We do roundups of all of our product updates every month or two. You can see the kind of progress we make and the innovative features we launch.
Biased comparisons and studies
Lots of these tools will show you cherry-picked comparisons that make them look awesome and studies they have run where they declare themselves the winner. Take all of this with a grain of salt.
If a tool wants to win link data comparisons they can just count more things like subdomains as referring domains, count dead links, count links more than once, etc. There needs to be more transparency which is why this exists.
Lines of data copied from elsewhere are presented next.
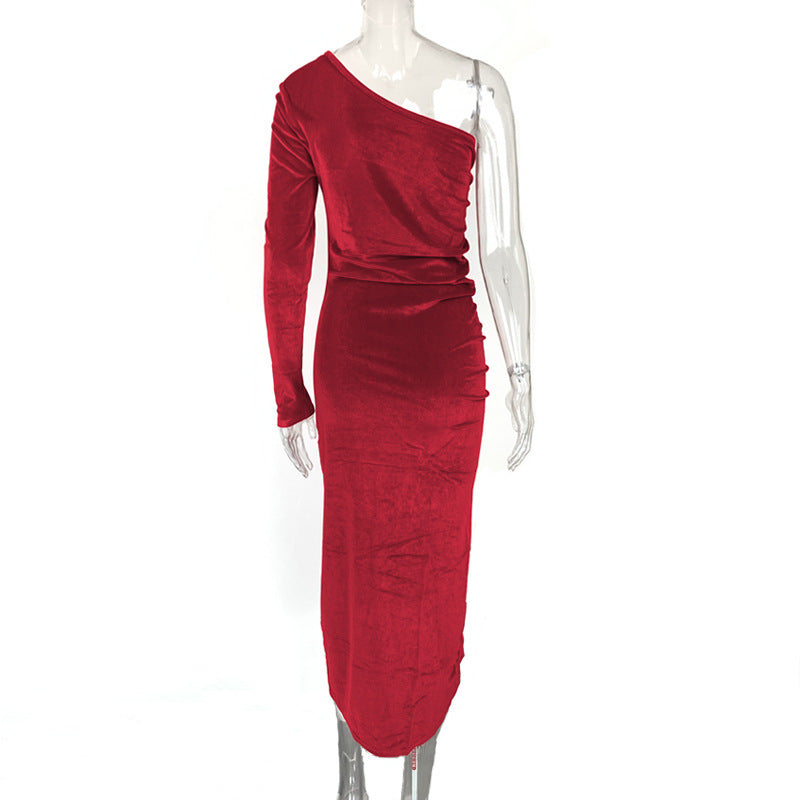 Arrival Women Nightclub Party Split Dress Sexy Slim One Shoulder Dress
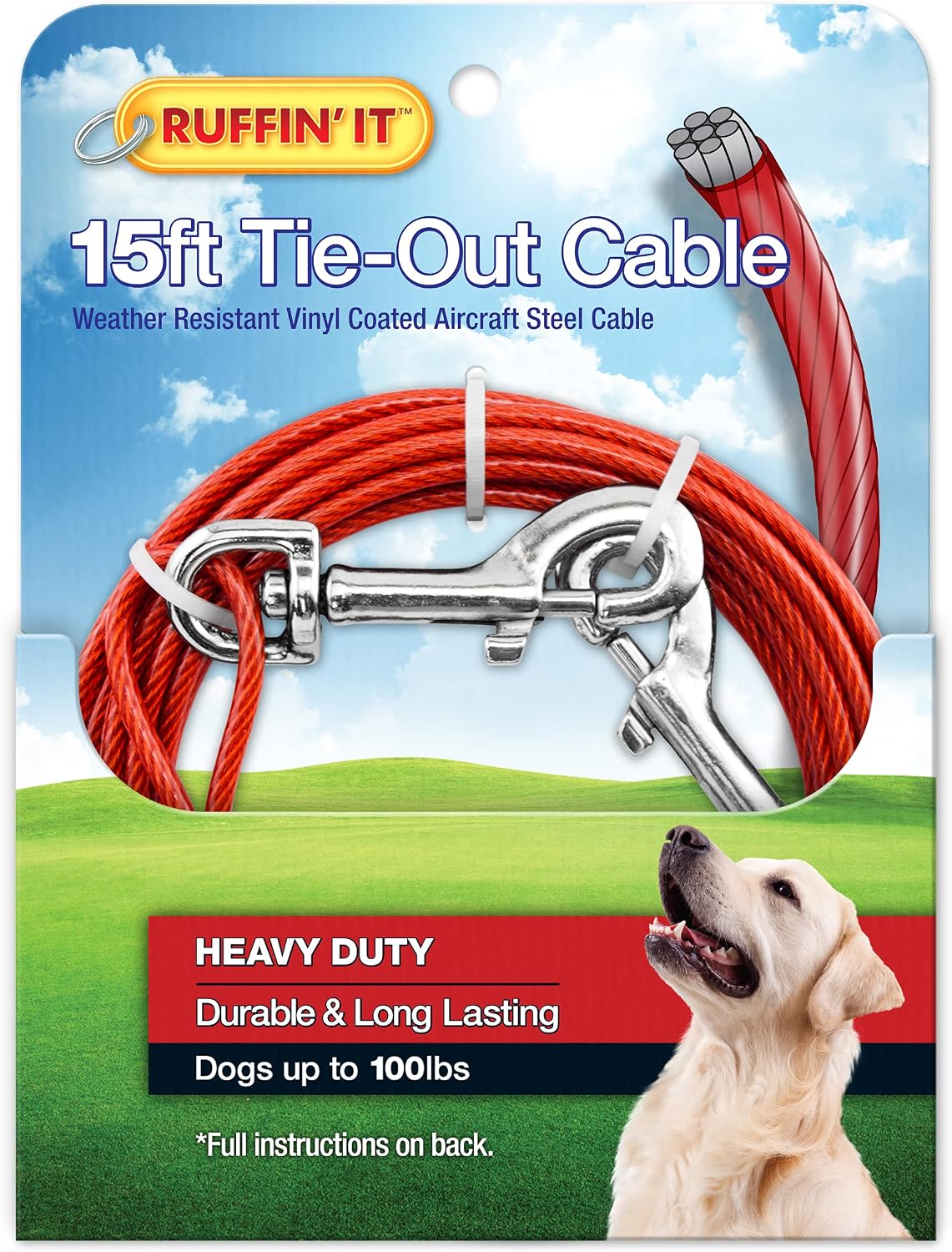 Ruffin' It 15 ft. Heavy Duty Cable Tie-Out for Dogs, 1700# Strength Up to 100 lbs (Pack of 2)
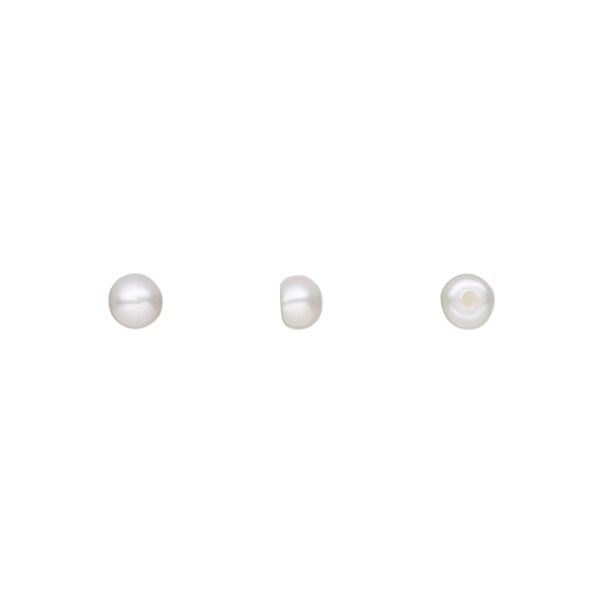 Pearl, cultured freshwater (bleached), white, 4-5mm half-drilled button, A grade, Mohs hardness 2-1/2 to 4. Sold per pkg of 2. image number 0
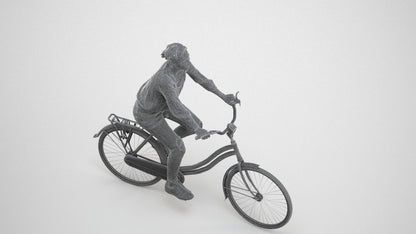 realistic 3D human woman casual cycling, archviz people FBX OBJ for Blender, wireframe three-quarter view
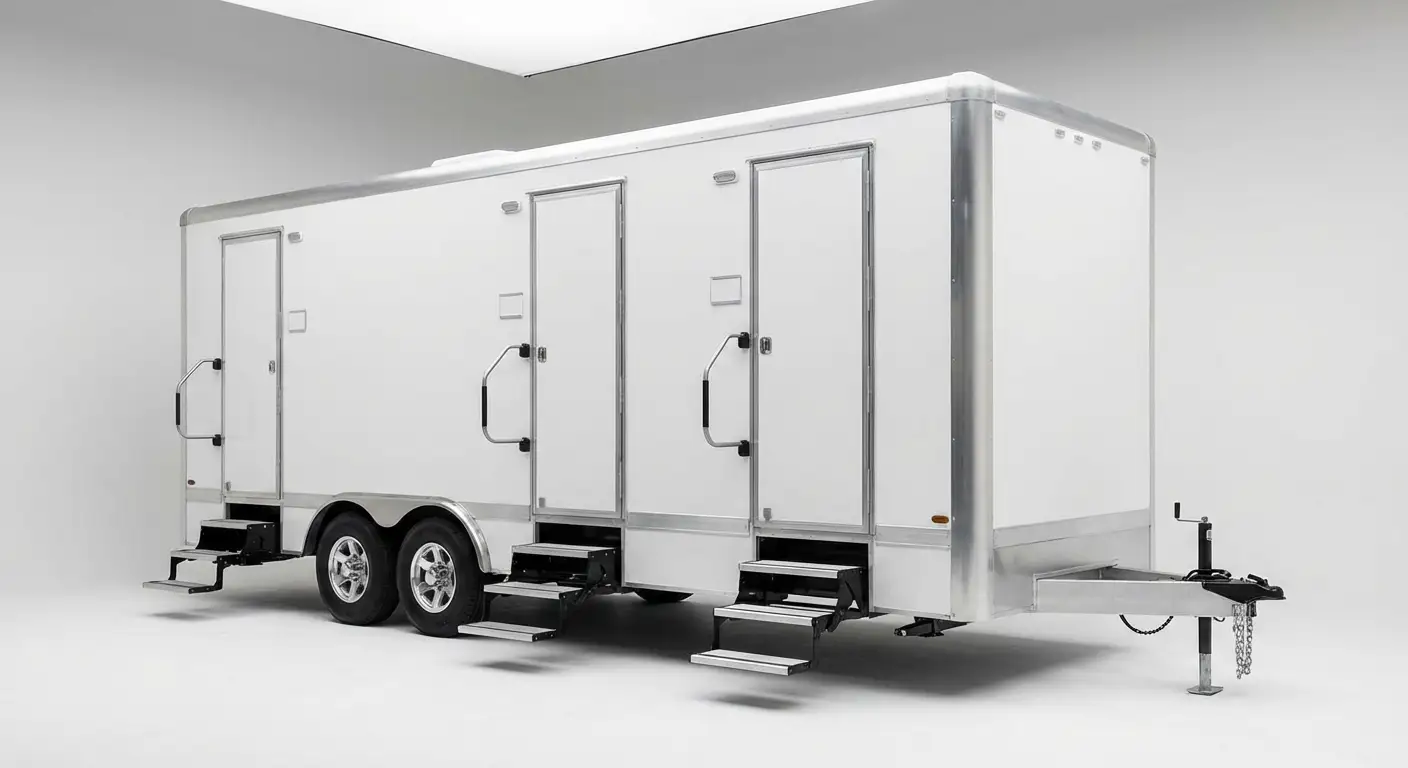 Climate controlled restroom trailer interior features in Tulsa, OK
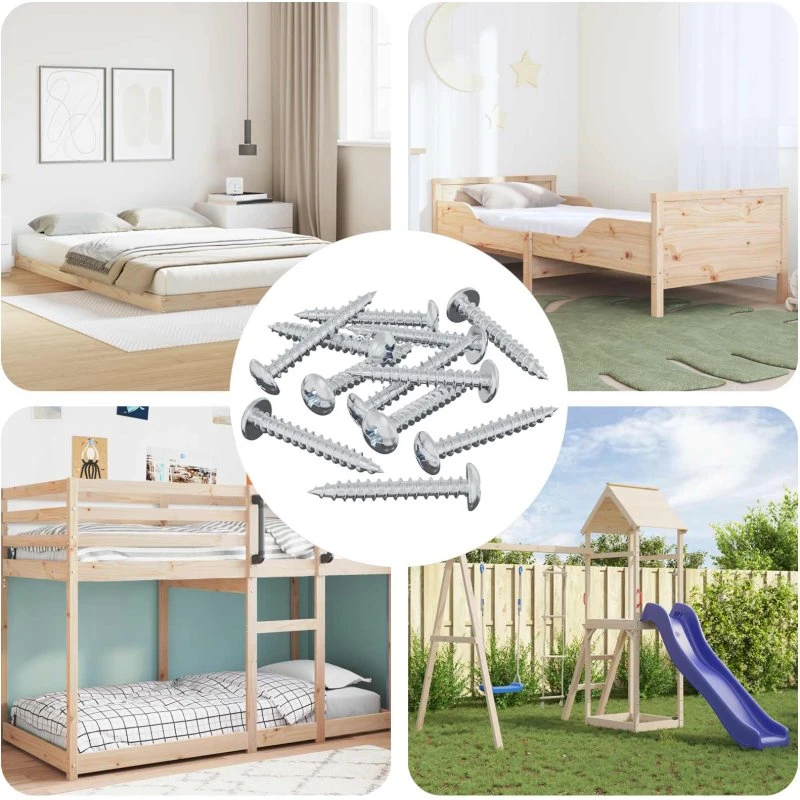 Rundhovedet træskrue, jern sølv 8,8 x 31 mm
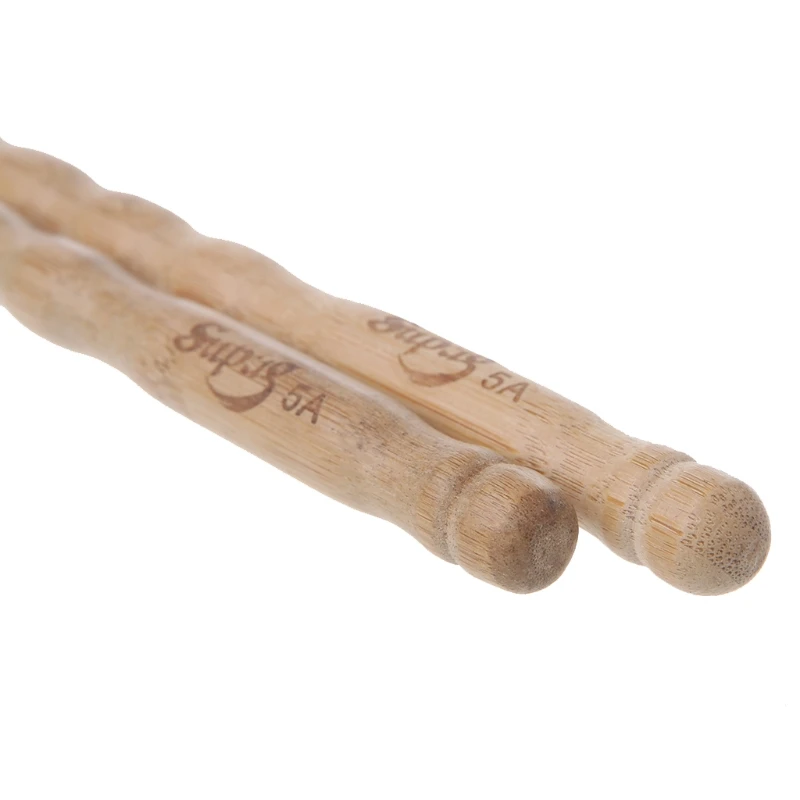 

1 Pairs Wavy Pattern Bamboo Drumsticks 5A / 5B / 6A Drum Stick Durable Practical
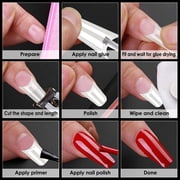 Moclever 500Pcs False Nail Tips, Elegant C Curve Half Cover French Nails, Extra Long Fake Finger Nails, For Nail Art Salons Home DIY, 10 Sizes, Easy To Use, Transparent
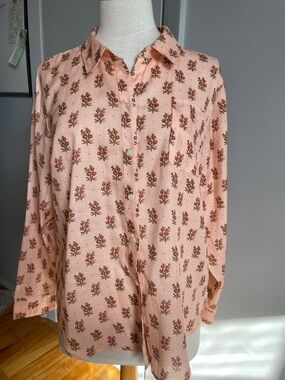 SPARTINA 449 NWT Lois Pink House French Floral Cotton Linen Shirt, Size XL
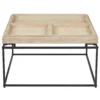 Table basse carrée avec plateau compartimenté réversible 80x80cm Duplix Effet Travertin Beige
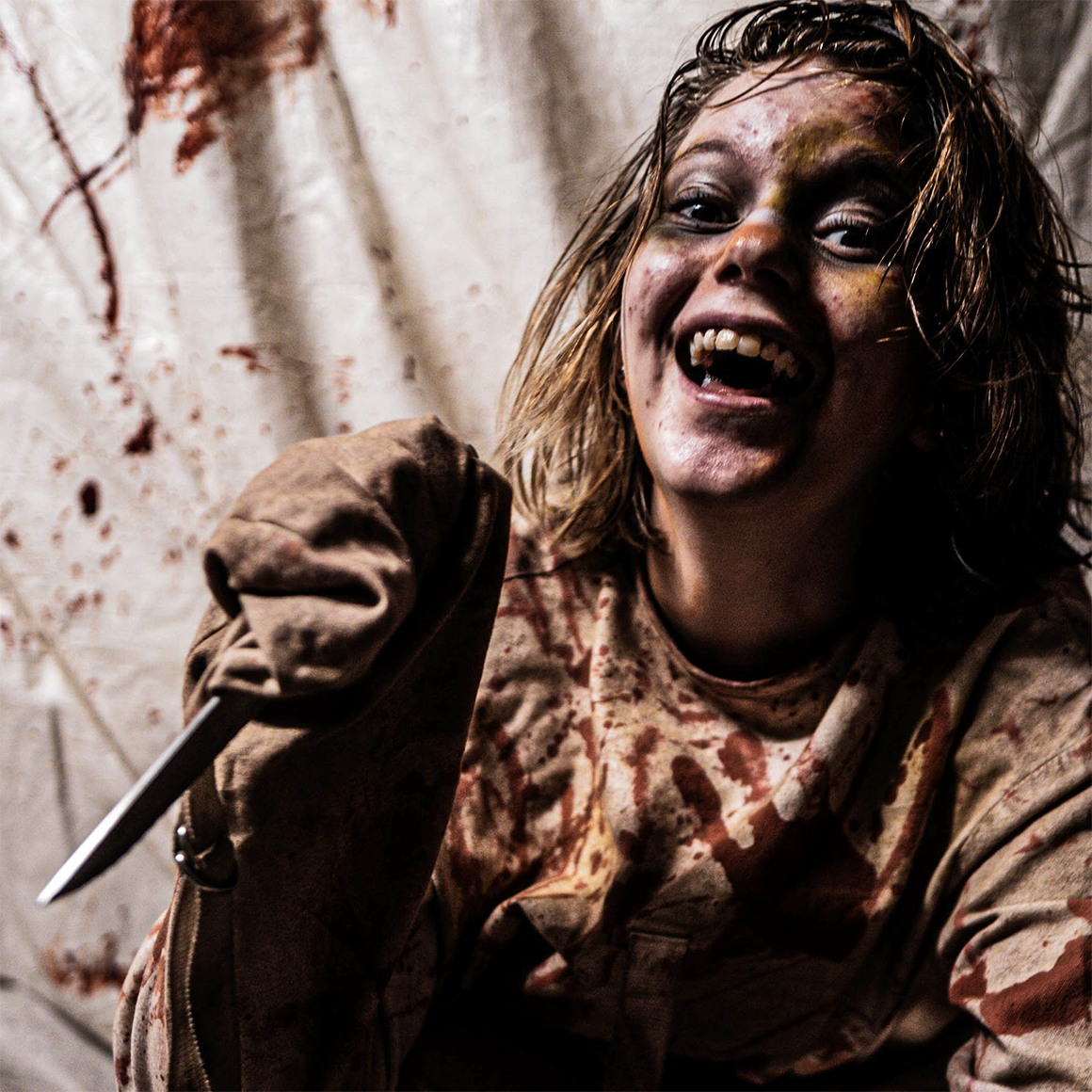 DSC02994 copy A crazy haunted house character at Fort Wayne's #1 haunted house, Hysterium.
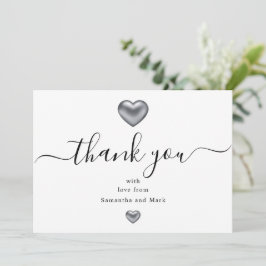 Eenvoudig modern WhiteWedding Silver Heart Kaart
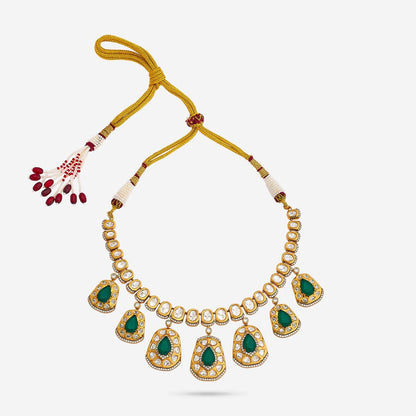 Kundan Polki Necklace Color Green Polish Victorian
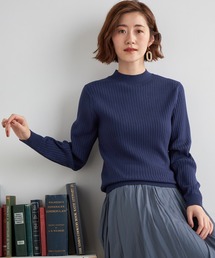 【吸湿発熱・ウォッシャブル】ワイドリブモックネックニットプルオーバー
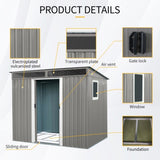 ZUN 8 ft x 6 ft Outdoor Metal Storage Shed with Window,Transparent plate and lockable sliding door for 95388386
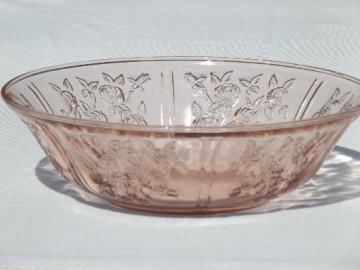 catalog photo of Sharon cabbage rose pattern vintage pink depression glass salad bowl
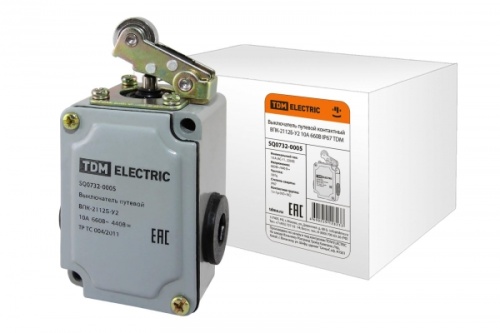 Выключатель путевой контактный ВПК-2112Б-У2, 10 А, 690 В, IP67 TDM | код SQ0732-0005| TDM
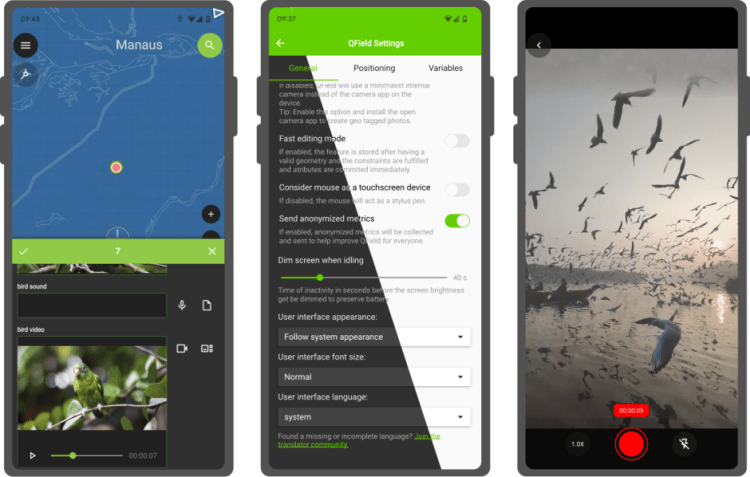 QField 2.7 feature form showing audio and video recording attachments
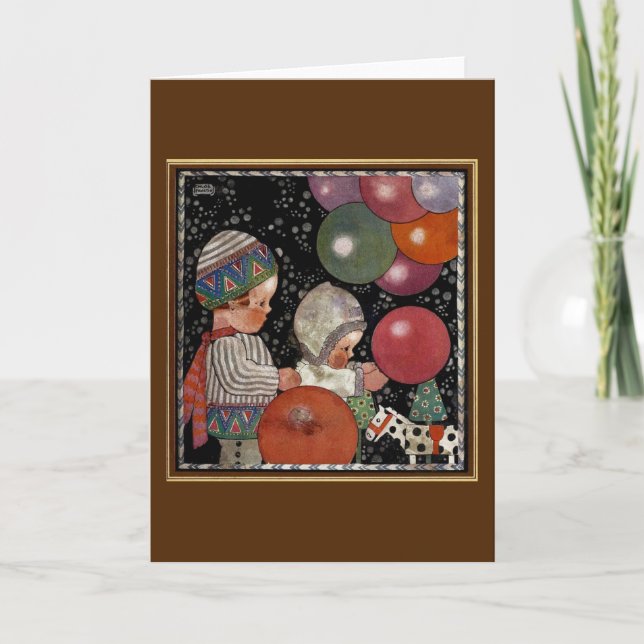 Carte Fête d'anniversaire, ballons et jouets pour enfant (Devant)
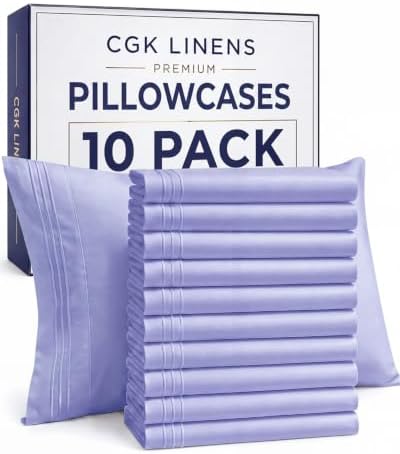 King Standard Pillow Cases Set of 10 - Soft Pillowcase Covers - Lavender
Quality of data matters. https://t.co/5GGaEjbzW8
— Patrick Stox (SEOpedia) (@patrickstox) January 27, 2021
Don’t just take any tool’s word that it’s the best. Ask around. See who comes up as the platform of choice. See who real users favor.
As I mentioned earlier, we’re the favorite tool for SEO teams. We epitomize big data.
We crawl faster than any other SEO tool, according to Cloudflare Radar.
We’re the best backlink checker, according to Matthew Woodward’s test of 1 million domains. We’re the only SEO tool that will pick up links added with JavaScript for our backlink index because we’re the only one that renders pages while crawling the web.
We have the largest keyword database for US keywords and the most accurate traffic estimates, according to Authority Hacker. For keywords where we have enough data, we use individually modeled click-through rate (CTR) curves rather than a single generic model for the curves.
Getting data into your own systems with Ahrefs is easy using our API. We give you the request needed based on the report you’re in and the filters you have set.
You can also get data out of the platform with our Looker Studio connector (formerly Google Data Studio).
For Site Audit, we only charge for internal HTML pages that return a 200 HTTP status code.
There are also our industry-leading articles, videos, and courses. These resources will educate you on SEO and show you how to make the best use of the platform.
final thoughts
Onboarding an enterprise SEO tool can be a long and difficult process. Getting rid of a bad tool once it’s integrated into your systems can be even harder. Make sure you do your homework and select the right solution for you.
As we’ve built out our enterprise offering, we’ve added a lot of features that enterprise companies need to be successful and all the pieces they need to meet compliance guidelines. If you have a feature you want to see us add, message me on Twitter.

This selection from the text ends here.